INSTRUCTIONS FOR THE TASK — Could you please transcribe the data exactly, without the pictures?

[Stored data entries]
——————————
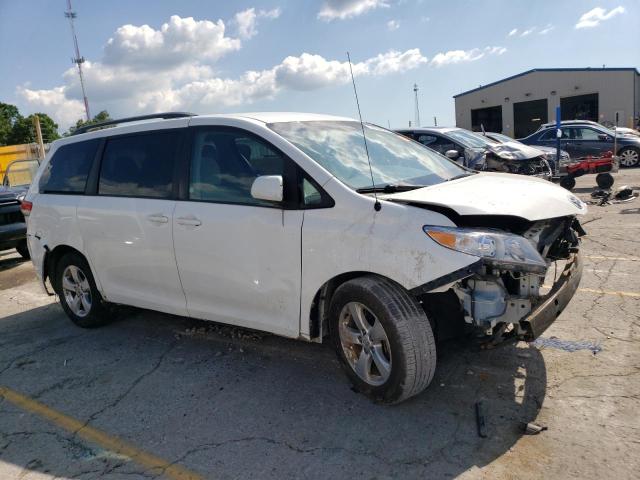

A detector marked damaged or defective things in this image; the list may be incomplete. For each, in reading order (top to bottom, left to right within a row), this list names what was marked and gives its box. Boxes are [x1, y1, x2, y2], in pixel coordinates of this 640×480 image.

wrecked car in background [25, 112, 584, 404]
cracked pavement [1, 169, 640, 476]
wrecked car in background [398, 126, 552, 179]
damaged front end [416, 217, 584, 344]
——————————
SOLUTION TO THE PROBLEM —
A detector marked damaged or defective things in this image; the list may be incomplete. For each, in reading order (top to bottom, left to right within a row), this list names what was marked and gives its box. Boxes are [x1, y1, x2, y2], in pixel coordinates of this 640×480 image.

wrecked car in background [25, 112, 584, 404]
cracked pavement [1, 169, 640, 476]
wrecked car in background [398, 126, 552, 179]
damaged front end [416, 217, 584, 344]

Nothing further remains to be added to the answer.